Bjerke finds it encouraging that of the 115 people who came to The Well’s retreat in early June, half were not congregants, even though nearly 90% of the retreat was subsidized by volunteers. And Bjerke is cautious, he said, and lets newcomers “come to their own conclusions,” he said. “All I care about is that if we are part of the same spiritual community together, then we can just relate to each other somehow.”

David Zahl, author of the 2019 book “Seculosity,” about the many replacement religions in today’s society, warned: “A spirituality of well-being can quite easily fall into ‘prosperity theology,’ once you start equating physical health , or even spiritual health, with holiness. What hope is there for the sick, paralyzed, decaying, and dying among us, or for those who can’t seem to get better no matter how hard they try?”

But Zahl hesitated to pass judgment in a world where people are hurting more than ever. “We need more than just a new diet or exercise regimen to address our pain. A real integration could be really cool.”

The Rev.
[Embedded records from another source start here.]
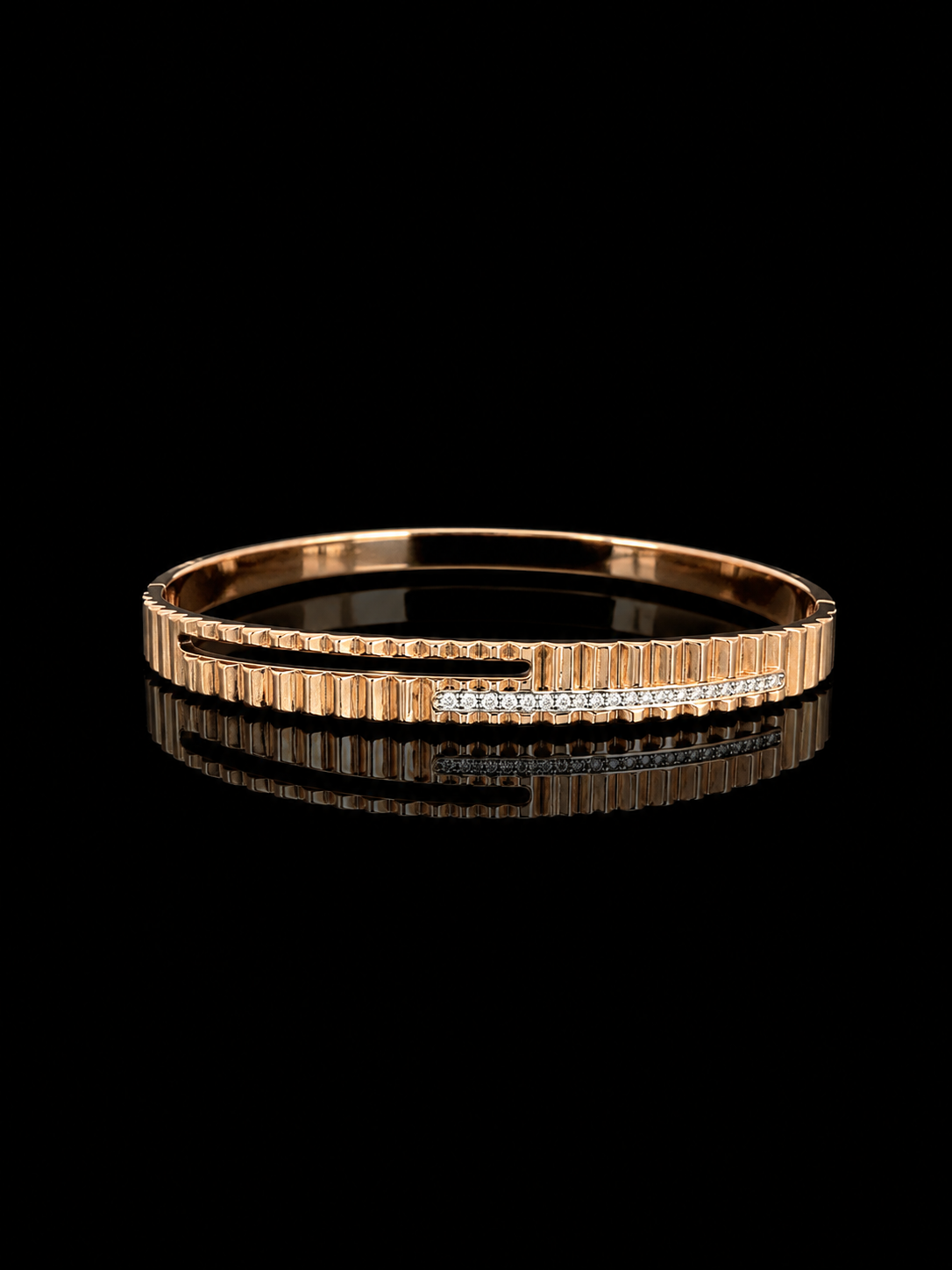 Auric Prism Textured Silver kada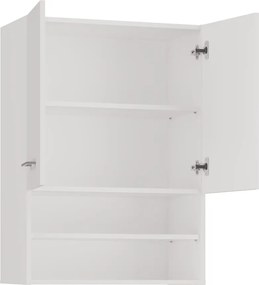 Pola mini DK felső fürdőszoba szekrény, fehér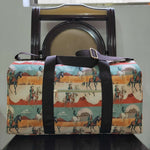 BA0265 Western Cowboy Horse Riding Duffle Bag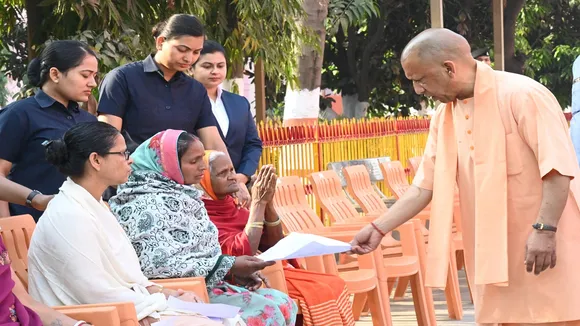 CM Yogi heard problems people Janta Darshan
Daniel Castelo of Duke Divinity School said churches like The Well are catching on as people start taking more seriously what a holistic approach to caring for people can look like. “Christianity does not have a central theme of self-care in its work, aside from the language and understanding of the Sabbath,” Castelo said. “But in a culture like ours where people are exhausted, stressed and burned out, this approach has logic and appeal, especially for city dwellers.”